Considering the above mentioned facts about human perception, natural growth and their relation to Fibonacci’s sequence, we can link all of those aspects together. We have seen, that Fibonacci’s sequence oscillates around the golden ratio. At the same time, Fibonacci’s sequence also maps almost perfectly to the Cone of Uncertainty.

On the other hand, humans are well used to natural growth functions from their every day life. Hence, their estimations of magnitudes follows the golden ratio. Thus, those estimations create the Cone of Uncertainty in a way that is related to natural growth functions, which are resembled by Fibonacci’s sequence.
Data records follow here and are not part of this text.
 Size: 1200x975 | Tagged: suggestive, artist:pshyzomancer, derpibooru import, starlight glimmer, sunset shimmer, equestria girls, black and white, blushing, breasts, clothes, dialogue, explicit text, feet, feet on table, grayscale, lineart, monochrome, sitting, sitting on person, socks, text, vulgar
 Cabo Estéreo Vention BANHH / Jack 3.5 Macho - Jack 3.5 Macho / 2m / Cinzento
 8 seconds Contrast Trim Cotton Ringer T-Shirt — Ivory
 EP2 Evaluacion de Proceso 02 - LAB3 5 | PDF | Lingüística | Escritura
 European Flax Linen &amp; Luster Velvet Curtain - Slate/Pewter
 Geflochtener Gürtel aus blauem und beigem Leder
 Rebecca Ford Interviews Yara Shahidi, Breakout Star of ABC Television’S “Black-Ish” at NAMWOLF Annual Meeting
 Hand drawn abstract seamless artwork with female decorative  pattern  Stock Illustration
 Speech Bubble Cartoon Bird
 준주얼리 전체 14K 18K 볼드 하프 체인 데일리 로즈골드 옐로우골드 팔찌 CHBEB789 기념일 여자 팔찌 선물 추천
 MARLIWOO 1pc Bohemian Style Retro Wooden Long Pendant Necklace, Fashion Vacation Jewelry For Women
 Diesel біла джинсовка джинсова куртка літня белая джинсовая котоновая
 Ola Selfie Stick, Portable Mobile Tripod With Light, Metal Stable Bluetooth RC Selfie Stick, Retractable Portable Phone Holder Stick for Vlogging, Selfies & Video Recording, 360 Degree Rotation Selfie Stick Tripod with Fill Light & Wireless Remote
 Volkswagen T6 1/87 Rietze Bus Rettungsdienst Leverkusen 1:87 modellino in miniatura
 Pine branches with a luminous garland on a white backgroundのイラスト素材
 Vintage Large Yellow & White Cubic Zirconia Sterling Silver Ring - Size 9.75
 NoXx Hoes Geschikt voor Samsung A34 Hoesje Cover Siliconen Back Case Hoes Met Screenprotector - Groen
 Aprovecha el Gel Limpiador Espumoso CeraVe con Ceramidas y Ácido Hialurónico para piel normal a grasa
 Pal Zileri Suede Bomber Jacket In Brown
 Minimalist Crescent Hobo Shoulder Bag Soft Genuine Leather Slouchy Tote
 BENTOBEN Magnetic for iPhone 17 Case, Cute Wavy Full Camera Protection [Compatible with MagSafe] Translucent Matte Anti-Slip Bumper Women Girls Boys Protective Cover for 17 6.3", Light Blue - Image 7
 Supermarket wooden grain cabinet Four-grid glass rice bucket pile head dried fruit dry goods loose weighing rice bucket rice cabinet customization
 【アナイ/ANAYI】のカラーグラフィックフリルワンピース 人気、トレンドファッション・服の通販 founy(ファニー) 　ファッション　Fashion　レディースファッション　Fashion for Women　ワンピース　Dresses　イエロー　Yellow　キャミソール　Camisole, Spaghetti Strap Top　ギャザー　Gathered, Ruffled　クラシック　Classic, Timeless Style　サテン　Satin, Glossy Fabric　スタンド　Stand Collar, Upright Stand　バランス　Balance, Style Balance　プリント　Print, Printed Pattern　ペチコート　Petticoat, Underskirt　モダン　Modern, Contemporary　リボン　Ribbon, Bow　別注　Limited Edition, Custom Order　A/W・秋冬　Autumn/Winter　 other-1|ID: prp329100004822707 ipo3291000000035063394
This leads us to the final conclusion. Because we are humans, we are used to estimate magnitudes in a way that is related to natural growth functions. A mathematical representation of those growth functions is Fibonacci’s sequence. Hence, it is very beneficial to use the elements of Fibonacci’s sequence as representative values for complexity estimations. In practice, this leads us to the usage of Story Points for our estimations.

Final Thoughts

In this article, we have discussed how human perception of the real world and Story Points relate to each other. Fibonacci’s sequence is a mathematical representation of natural growth functions. Hence, we all have an intuitive understanding of the sequence. Using this sequence as values for Story Points makes it intuitive for developers to estimate the complexity of problems. Concluding, and in the style of famous statesman Winston Churchill, it can be said that: No one pretends that Story Points are perfect or all-wise. Indeed, it has been said that Story Points are the worst form of agile estimation except all those other estimation techniques that have been tried from time to time.